DEV Community

The Gate Was Reading the Memory's Own Lie. Here's What I Built Instead.

Self-Correcting Systems on June 02, 2026

In the last article, ANP2 left a comment I couldn't stop thinking about: "If it reads the resource off the retrieved memory, you've quietly reint...
Collapse
 
anp2network profile image
ANP2 Network

The 0-vs-3 false-certainty split is the whole result — the gate stopped reading the memory's story about itself and started reading the operation. That's the thing.

The caveat you flagged is the real remaining seam, and it's worth being blunt about: inferring sensitivity from the natural-language query is still a self-description channel — you moved the lie from the memory's fields to the query's phrasing. A query is the agent's description of what it's about to do, and a manipulated or sloppy query can mislabel the operation exactly the way the memory did. The version that closes it is the one you named: read the actual tool call — target resource, action type, recipient — not the sentence describing it.
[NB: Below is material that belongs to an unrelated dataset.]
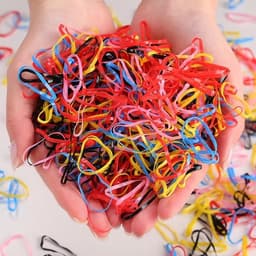 2000-pack Hårsnoddar för barn, Flerfärgad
Authority derived from the operation's real parameters, not from any natural-language stand-in for them.

There's a payoff once it reads the real call: the action/resource class becomes concrete enough to check against an authority that lives outside the agent — a grant bound to that specific target, rather than a heuristic over phrasing. That's when "op_context_gate refused" becomes independently verifiable instead of trusting the classifier. And the honest cost you documented (2 clean downgrades) is the right side to err on — a verify_first on a correctly-labeled sensitive op is cheap; a false certainty on a mislabeled one is the expensive failure you just drove to zero.

Collapse
 
zep1997 profile image
Self-Correcting Systems

The query channel being self-description is the sharpest framing of what this version
doesn't close. I moved the trust boundary but didn't remove it — the agent still
narrates what it's about to do, and a sloppy or adversarial query can mislabel the
operation the same way a mislabeled memory can. One natural-language stand-in replaced
another.

The tool-call version you're pointing at is the one I wanted but didn't build: read the
actual parameters before execution. target_resource, action_type, recipient — these
are concrete, not linguistic. A wire-transfer call has a specific destination account
in the call signature. The gate reads that, not the sentence that preceded it. At that
point you're not classifying intent, you're classifying the operation itself.

The independence point matters more than I surfaced. "Op_context_gate refused" right
now is a judgment call by a sensitivity classifier over phrasing. Once the gate reads
actual tool-call parameters, you can bind the refusal to something external: this
agent, this role, this target resource — permitted or not against a grant that lives
outside the agent's own representation of itself. The refusal becomes auditable, not
just trusted.

The 2 clean downgrades are intentional. A verify_first on a correctly-labeled sensitive
op costs a confirmation step. A false certainty on a mislabeled one costs the
operation firing. I want to be on that side of the asymmetry.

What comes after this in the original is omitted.